How to complete this task:
The records below must be output exactly, with no images carried over.

╭─ Task material

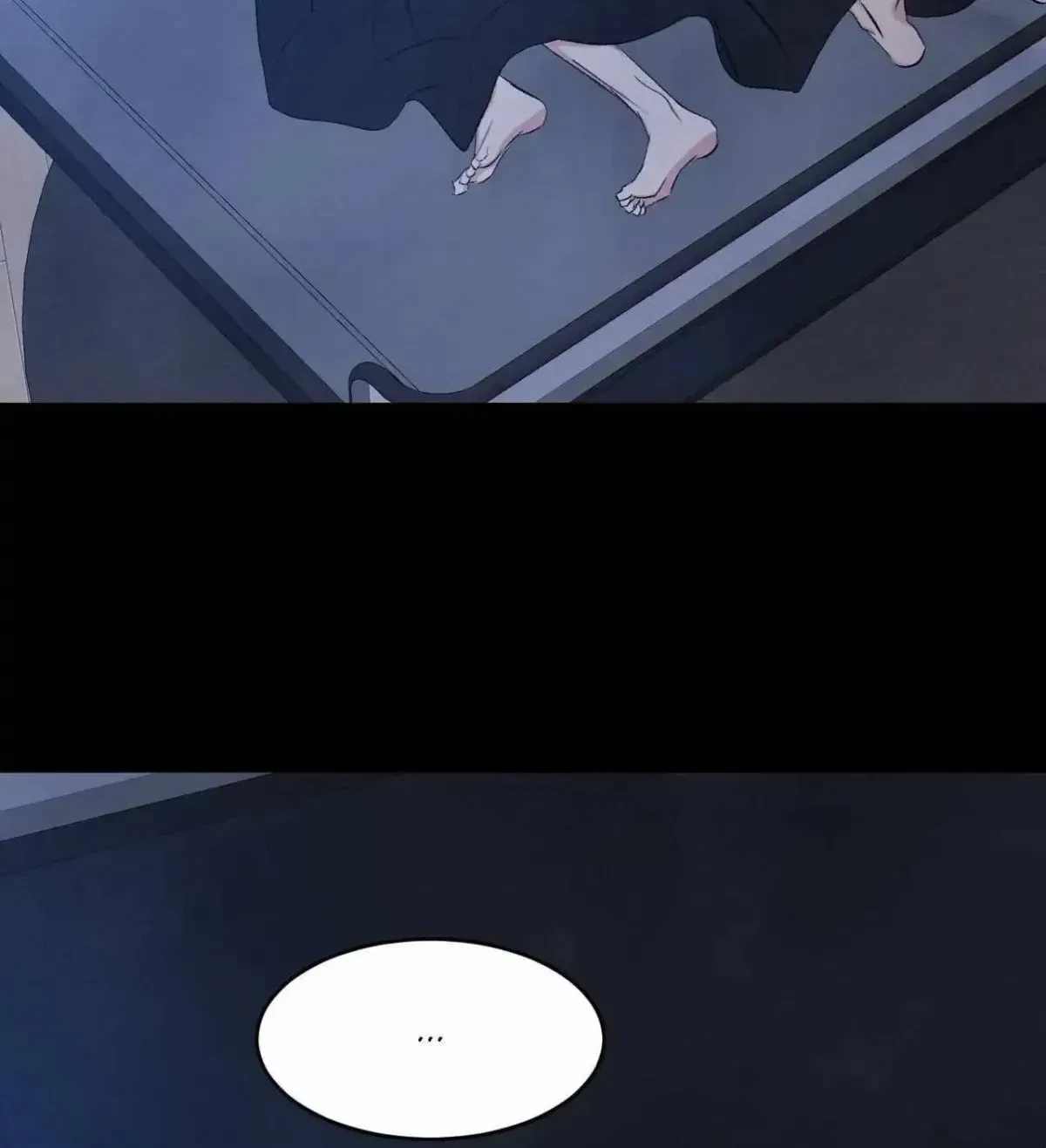 Chapter 3.4, page 100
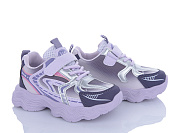 Кроссовки Bluerama B013-9 от магазина Frison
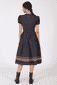 Trachtenkleid Emilie (65cm)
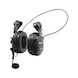 Ear defender NG-BT CAP - 2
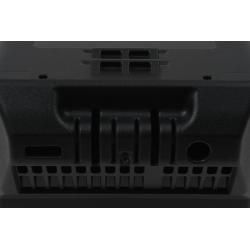 akumulátor pre STIHL  AK 10 pre kosačka RMA 339 C originál_2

╰─

Answer section:
 Chapter 3.4, page 100
 Кроссовки Bluerama B013-9 от магазина Frison
 Trachtenkleid Emilie (65cm)
 Ear defender NG-BT CAP - 2
 akumulátor pre STIHL  AK 10 pre kosačka RMA 339 C originál_2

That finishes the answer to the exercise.